Etoga Messina François :
C’est une excellente question. Je pense que tout dépend de l’engagement de la diaspora elle-même et de sa capacité à distinguer les vrais enjeux des querelles politiques futiles. Oui, il y a des raisons de s’opposer au gouvernement, mais la manière de le faire doit être réfléchie et responsable. La diaspora doit redevenir un acteur clé dans l’unité nationale, plutôt qu’un facteur de division supplémentaire.
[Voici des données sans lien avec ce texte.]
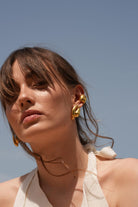 Linya Jewellery-Tina Büyük Midye Küpe-Küpe-6-Milagron.com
Il faut aussi une prise de conscience de la part des jeunes, notamment ceux qui soutiennent aveuglément la BAS, sur les véritables conséquences de cette radicalisation. L’isolement de la diaspora et le discours haineux qui s’y répand ont des impacts concrets, à la fois pour leur image et pour l’avenir du Cameroun. Il est crucial qu’un dialogue ouvert, basé sur des idées et non sur des insultes et des actes de violence, prenne forme.
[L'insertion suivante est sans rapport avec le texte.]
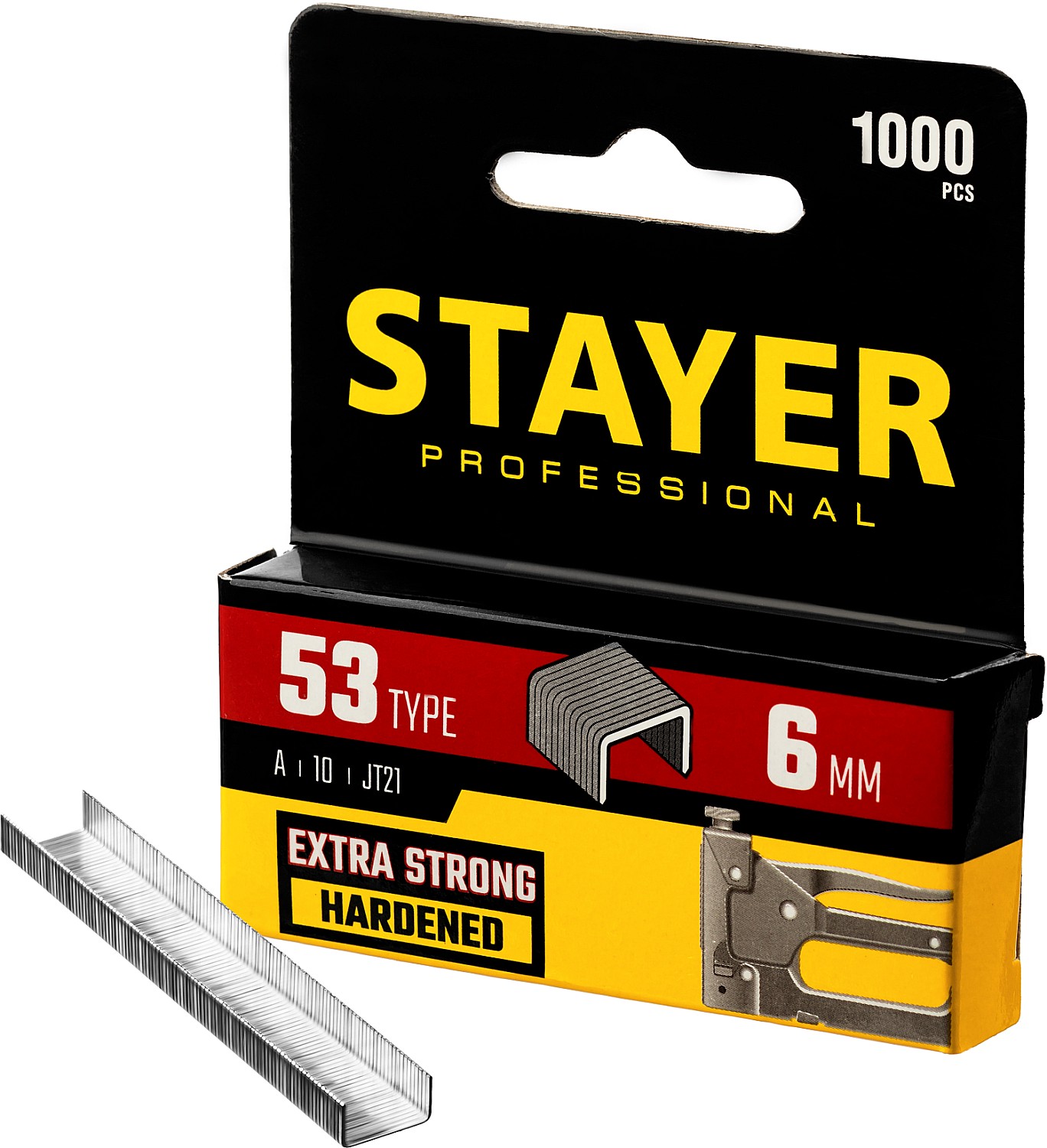 STAYER скобы тип 53 (A/10/JT21), 6 мм, калибр 23GA. 1000 шт. (3159-06)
La diplomatie camerounaise doit aussi jouer un rôle majeur ici, en prenant le temps de s’ouvrir à cette diaspora, en valorisant les initiatives positives et en créant des ponts pour un dialogue apaisé.

 

Guy Ekwalla :
Mais comment parvenir à ce dialogue quand des groupes comme la BAS continuent à opposer un front de plus en plus dur ?

Etoga Messina François :
Il y a un processus long à mettre en place. Tout d'abord, il faut reconnaître que la diaspora, à travers les nouvelles générations, est très influencée par les récits de résistance à l’oppression. Mais ces récits sont souvent tronqués ou déformés par des idéologies extrêmes. La véritable résistance, celle qui porte des solutions constructives, n’a pas la visibilité qu’elle mérite. Il faut alors travailler sur un contre-discours qui valorise les efforts de paix et de construction du pays, tout en tenant compte des frustrations réelles.

L'objectif ici n’est pas de nier les injustices ou de minimiser les défis auxquels sont confrontés les Camerounais, mais de proposer une alternative pacifique à la confrontation systématique.

Il existe des alternatives, mais elles nécessitent une volonté de changer de paradigme et d'accepter que ce pays, plus que tout autre, a besoin de réconciliation et de coopération pour progresser.

 

Guy Ekwalla :
Nous avons donc un travail de reconstruction à faire, tant au niveau interne que diplomatique, pour sortir de ce cycle de violence idéologique et d’opposition systématique.

Etoga Messina François :
Absolument. Le Cameroun est un pays de transition, un carrefour entre plusieurs visions du monde et plusieurs systèmes politiques. Si les Camerounais arrivent à trouver un terrain d’entente, à transcender leurs différences, et à rétablir un dialogue sincère, alors nous pourrons espérer sortir de ce cycle de polarisation. Mais il faudra aussi faire face à une réalité difficile : la BAS et ses partisans ne vont pas disparaître du jour au lendemain. Ce combat est long, et il exigera de tous un sens de responsabilité et de la patience. Le chemin de la réconciliation commence par la vérité et le respect mutuel.

 

Guy Ekwalla :
Je vous remercie pour cette analyse précise et vos éclairages sur la situation actuelle. L’avenir du Cameroun dépend effectivement de cette capacité à dépasser les clivages et à construire un véritable projet commun. Merci encore pour votre présence ce soir, et à bientôt.

Etoga Messina François :
Merci à vous, Guy. C’est un plaisir de pouvoir partager ma réflexion avec vos téléspectateurs.